Miners and other non-natives founded Victoria in 1843. By this time local Indians had experienced severe epidemics with some concomitant village abandonment and consolidation. Catholic missionaries arrived in the 1860s, and many natives converted and renounced their ceremonials, including potlatching. Some self-sufficient overtly Christian villages were established, complete with a missionary-imposed governing structure. By the end of the century, the missionaries, along with Catholic boarding schools, had largely destroyed the native language and culture.

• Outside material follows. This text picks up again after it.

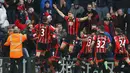 Pemain Bournemouth, Nathan Ake merayakan golnya ke gawang Liverpool pada laga Premier League di Vitality Stadium, (04/12/2016). AFC Bournemouth menang 4-3. (Reuters/Eddie Keogh)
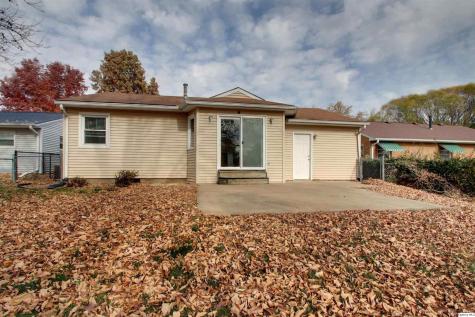 2934 Hampshire Street Quincy IL 62301-3747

With their traditional economy severely damaged, many Indian men took jobs as longshoremen, loggers, and migrant farmers. They also worked in commercial fishing, including canneries. Canada officially established Indian reserves in 1876, by which time Indians had already lost much of their aboriginal land. In the early twentieth century, several Indian organizations, such as the Allied Tribes and the Native Brotherhood of British Columbia, formed to pursue title to aboriginal lands. The Alliance of Tribal Councils continued this work in the 1970s and worked to foster a positive self-image as well as political unity. Partly as a result of its activity, in 1986 the Sechelt Band became the first self-governing Indian group in Canada.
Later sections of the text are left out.